Both projects are part of the RCE Greater Atlanta’s Higher Education Learning Community. The Effective ESD project is led by Georgia Tech’s Serve-Learn-Sustain, and EQUINOX is led by Kennesaw State University faculty. Established in 2012, the Global RCE Award celebrates projects and programs in Education for Sustainable Development (ESD) that connect local and global education and action through the U.N. Sustainable Development Goals (SDGs), advance transformative and community-engaged curriculum and research, and build capacity among partners.

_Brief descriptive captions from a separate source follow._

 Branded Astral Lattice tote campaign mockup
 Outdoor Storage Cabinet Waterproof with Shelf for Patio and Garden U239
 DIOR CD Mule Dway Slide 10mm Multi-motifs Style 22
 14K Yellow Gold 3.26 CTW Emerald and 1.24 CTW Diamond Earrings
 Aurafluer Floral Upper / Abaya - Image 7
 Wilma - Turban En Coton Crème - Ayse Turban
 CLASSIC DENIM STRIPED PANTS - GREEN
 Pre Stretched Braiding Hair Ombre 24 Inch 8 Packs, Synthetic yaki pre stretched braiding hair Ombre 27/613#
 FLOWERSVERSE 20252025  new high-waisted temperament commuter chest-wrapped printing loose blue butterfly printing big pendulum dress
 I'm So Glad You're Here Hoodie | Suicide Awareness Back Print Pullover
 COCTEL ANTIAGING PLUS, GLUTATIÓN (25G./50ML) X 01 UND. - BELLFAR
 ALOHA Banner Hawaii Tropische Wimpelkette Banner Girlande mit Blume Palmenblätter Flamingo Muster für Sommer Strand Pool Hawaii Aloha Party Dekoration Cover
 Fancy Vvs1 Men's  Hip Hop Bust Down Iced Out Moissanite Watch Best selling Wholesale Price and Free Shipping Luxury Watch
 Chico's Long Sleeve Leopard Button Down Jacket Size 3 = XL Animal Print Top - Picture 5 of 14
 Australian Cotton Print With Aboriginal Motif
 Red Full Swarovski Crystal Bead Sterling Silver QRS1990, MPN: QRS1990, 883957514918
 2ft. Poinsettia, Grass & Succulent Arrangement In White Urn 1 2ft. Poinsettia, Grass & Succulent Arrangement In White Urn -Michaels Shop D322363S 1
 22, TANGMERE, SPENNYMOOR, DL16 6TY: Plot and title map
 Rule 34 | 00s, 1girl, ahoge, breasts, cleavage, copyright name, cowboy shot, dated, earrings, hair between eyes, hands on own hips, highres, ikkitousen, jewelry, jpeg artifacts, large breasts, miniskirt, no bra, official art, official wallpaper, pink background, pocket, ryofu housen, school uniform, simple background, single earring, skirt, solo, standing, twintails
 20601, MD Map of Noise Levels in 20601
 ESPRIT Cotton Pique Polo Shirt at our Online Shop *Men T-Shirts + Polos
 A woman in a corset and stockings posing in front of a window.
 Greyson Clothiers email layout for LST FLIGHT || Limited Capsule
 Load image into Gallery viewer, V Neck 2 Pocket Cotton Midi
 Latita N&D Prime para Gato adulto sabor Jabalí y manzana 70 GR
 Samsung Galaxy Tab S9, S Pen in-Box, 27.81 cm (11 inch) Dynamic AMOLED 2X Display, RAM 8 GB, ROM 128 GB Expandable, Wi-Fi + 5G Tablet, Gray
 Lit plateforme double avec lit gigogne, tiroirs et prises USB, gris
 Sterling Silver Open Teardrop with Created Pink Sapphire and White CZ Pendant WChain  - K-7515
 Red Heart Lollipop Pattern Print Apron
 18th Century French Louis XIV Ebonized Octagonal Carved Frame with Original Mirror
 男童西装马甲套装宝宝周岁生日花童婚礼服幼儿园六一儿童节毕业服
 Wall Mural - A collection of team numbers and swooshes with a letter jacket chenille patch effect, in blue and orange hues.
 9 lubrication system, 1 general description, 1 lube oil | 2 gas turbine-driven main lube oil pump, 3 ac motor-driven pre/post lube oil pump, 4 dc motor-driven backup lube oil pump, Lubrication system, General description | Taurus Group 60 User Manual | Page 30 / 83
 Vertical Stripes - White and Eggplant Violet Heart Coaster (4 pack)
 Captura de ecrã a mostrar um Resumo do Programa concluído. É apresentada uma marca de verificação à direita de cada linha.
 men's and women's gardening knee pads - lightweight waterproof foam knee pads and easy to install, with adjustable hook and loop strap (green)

The award-winning RCE Greater Atlanta ESD initiative benefits from SLS’ many strong partnerships, both within and outside of Georgia Tech. “Collaboration is essential,” explained Rebecca Watts Hull, a service-learning and partnerships specialist in SLS and Greater Atlanta ESD initiative lead. “By partnering with the Center for Teaching and Learning (CTL), the Atlanta Global Studies Center, and other RCE Greater Atlanta member institutions to help faculty incorporate sustainability and the SDGs into their teaching, we enrich the support we can provide for sustainability education here at Georgia Tech while also helping drive SDG curriculum innovation across the region.”
The RCE Greater Atlanta was recognized in December 2017 by the United Nations University as a Regional Centre of Expertise on Education for Sustainable Development. RCE Greater Atlanta brings together universities and colleges across metro Atlanta with nonprofit, community, government, and business partners to advance sustainable development education and action with a strong equity and justice focus.
“Advancing the U.N. SDGs through teaching, experiential learning, and community-engaged research is at the heart of Georgia Tech’s strategic plan,” Steven W. McLaughlin, provost and executive vice president for Academic Affairs, said. “By leading this crucial faculty development work through the RCE Greater Atlanta regional partnership, we can enhance and amplify the impact of our curricular innovation.”
The Effective ESD award submission highlighted three 2021 projects that advance SDG teaching and practices in metro Atlanta. The first, Going Global: A Sustainable Development Goals Curriculum Design Workshop, was planned by Georgia Tech’s SLS and CTL with other members of the RCE Greater Atlanta Higher Education Learning Community, including Georgia Tech faculty, the Atlanta Global Studies Center, and faculty and staff from Georgia State, Kennesaw State, and Spelman College. Workshop participants included nearly 50 faculty members from 14 colleges and universities across the U.S., Europe, and South America, all interested in teaching with the SDGs. A number of the participants learned about the workshop through the University Global Coalition (UGC), a group of higher education leaders from around the world who work together to advance the SDGs through education, research, service, and campus operations.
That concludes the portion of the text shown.